The Stara Zagora province had a population of 370,665 (370,615 also given) according to a 2001 census, of which were male and were female.
As of the end of 2009, the population of the province, announced by the Bulgarian National Statistical Institute, numbered 350,925 of which are inhabitants aged over 60 years.

===Ethnic groups===

According to the most recent 2011 census, out of the 333,265 people, 308,106 identified themselves:

- Bulgarians: 265,618 (86.21%)
- Romani: 24,018 (7.80%)
- Turks in Bulgaria: 15,035 (4.88%)
- Others and indefinable: 3,435 (1.11%)
A further 25,000 persons in the Province did not declare their ethnic group at the 2011 census.

Ethnic groups according to the 2001 census, when 370,615 people of the population of 370,665 of Stara Zagora Province identified themselves (with percentage of total population):
- Bulgarians: 319,379 (86.18%)
- Romani: 26,804 (7.23%)
- Turks: 18,529 (5.00%)
- Others: 5,903 (1.59%)

===Religion===

Religious adherence in the province according to 2001 census:

Census 2001
| religious adherence | population | % |
| Orthodox Christians | 329,628 | 88.94% |
| Muslims | 21,423 | 5.78% |
| Protestants | 4,094 | 1.10% |
| Catholics | 522 | 0.14% |
| Other | 1558 | 0.42% |
| Religion not mentioned | 13,390 | 3.62% |
| Total | 370,615 | 100% |

== Main city ==
Stara Zagora is a cultural centre of particular significance for Bulgaria as it is an ancient Thracian, subsequently Greek, Roman and Byzantine metropolis. The oldest Neolithic remains were found in Stara Zagora. The famous film of BBC The History of Europe starts with the Neolithic museum in Stara Zagora. It shows the remains of the first homes of the people in Europe. Stara Zagora is one of the oldest cities in Europe.

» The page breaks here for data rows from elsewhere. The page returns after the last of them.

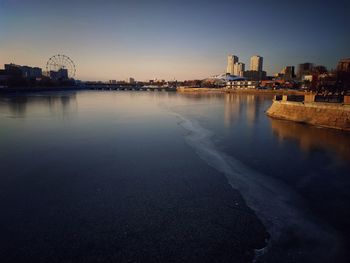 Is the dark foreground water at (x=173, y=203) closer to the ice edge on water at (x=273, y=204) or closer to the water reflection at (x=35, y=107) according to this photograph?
the ice edge on water at (x=273, y=204)

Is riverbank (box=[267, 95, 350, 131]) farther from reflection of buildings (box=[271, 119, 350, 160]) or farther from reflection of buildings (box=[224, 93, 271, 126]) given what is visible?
reflection of buildings (box=[224, 93, 271, 126])

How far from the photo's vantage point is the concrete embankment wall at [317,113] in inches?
773

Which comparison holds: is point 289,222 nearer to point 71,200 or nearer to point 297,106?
point 71,200

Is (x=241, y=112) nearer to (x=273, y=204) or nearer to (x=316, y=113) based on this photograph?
(x=316, y=113)

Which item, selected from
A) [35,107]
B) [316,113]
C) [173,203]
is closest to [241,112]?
[316,113]

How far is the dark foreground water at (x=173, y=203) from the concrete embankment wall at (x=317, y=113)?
6.70m

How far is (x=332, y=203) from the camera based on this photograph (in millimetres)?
7590

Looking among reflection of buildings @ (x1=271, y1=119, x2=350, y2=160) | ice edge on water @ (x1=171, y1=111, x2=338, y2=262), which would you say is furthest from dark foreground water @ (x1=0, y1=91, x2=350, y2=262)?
reflection of buildings @ (x1=271, y1=119, x2=350, y2=160)

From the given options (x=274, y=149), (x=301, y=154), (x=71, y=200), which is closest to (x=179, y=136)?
(x=274, y=149)

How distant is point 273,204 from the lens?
24.6 feet

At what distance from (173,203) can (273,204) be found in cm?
317

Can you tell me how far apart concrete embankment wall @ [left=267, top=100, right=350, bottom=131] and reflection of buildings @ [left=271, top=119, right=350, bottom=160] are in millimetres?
1117

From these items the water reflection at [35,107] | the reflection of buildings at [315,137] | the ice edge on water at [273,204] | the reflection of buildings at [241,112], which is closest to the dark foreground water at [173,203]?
the ice edge on water at [273,204]

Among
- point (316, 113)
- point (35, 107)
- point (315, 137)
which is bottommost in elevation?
point (315, 137) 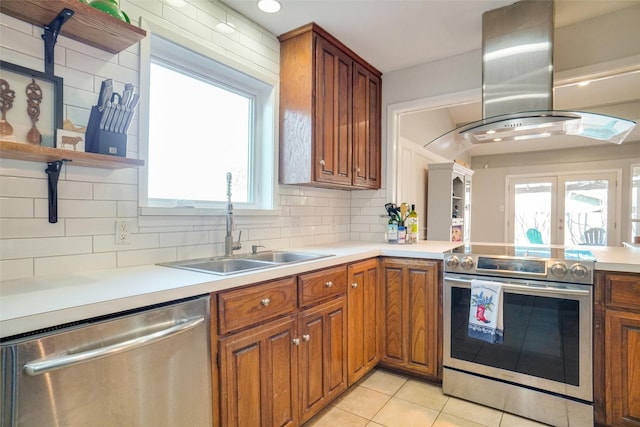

In October 2004, Stara Zagora Province was awarded for having the best quality of life in Europe, together with Greater Zürich (Switzerland), and ahead of Andalucia (Spain), and Flanders (Belgium). The award was given by fDi Magazine, produced by the renowned Financial Times Group, for the region's low-cost, newly built accommodation and rich cultural heritage.

In November 2014 the Maritsa Iztok-2 power station located in the East of Stara Zgora Province was ranked as the industrial facility that is causing the highest damage costs to health and the environment in Bulgaria and the entire European Union by the European Environment Agency.